Input:
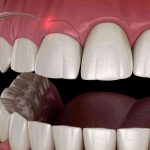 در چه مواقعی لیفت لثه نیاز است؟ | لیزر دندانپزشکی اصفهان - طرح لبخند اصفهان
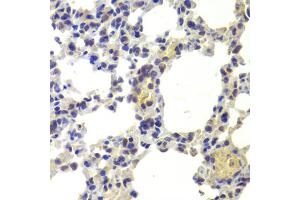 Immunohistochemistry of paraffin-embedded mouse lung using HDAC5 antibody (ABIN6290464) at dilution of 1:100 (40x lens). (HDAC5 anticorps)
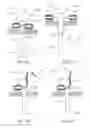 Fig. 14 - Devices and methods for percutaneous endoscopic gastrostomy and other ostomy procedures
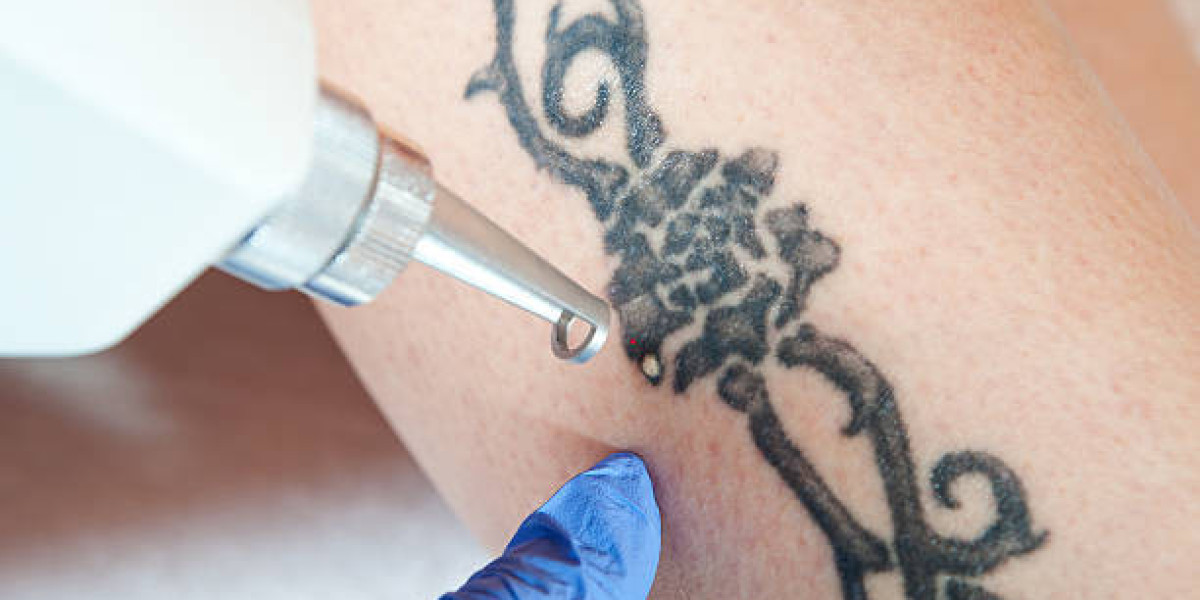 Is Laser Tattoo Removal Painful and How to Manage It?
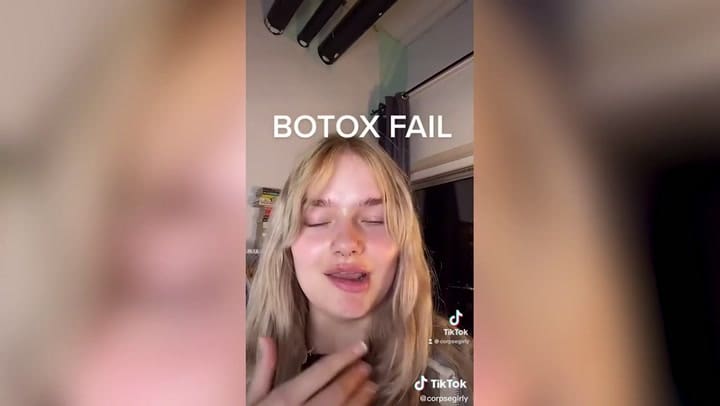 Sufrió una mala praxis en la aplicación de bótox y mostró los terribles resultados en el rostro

Work item:
From the data above, return only the lines starting at the line that holds "Immunohistochemistry of paraffin-embedded" and ending at the line that holds "Is Laser Tattoo", word for word and without pictures.

Reply:
 Immunohistochemistry of paraffin-embedded mouse lung using HDAC5 antibody (ABIN6290464) at dilution of 1:100 (40x lens). (HDAC5 anticorps)
 Fig. 14 - Devices and methods for percutaneous endoscopic gastrostomy and other ostomy procedures
 Is Laser Tattoo Removal Painful and How to Manage It?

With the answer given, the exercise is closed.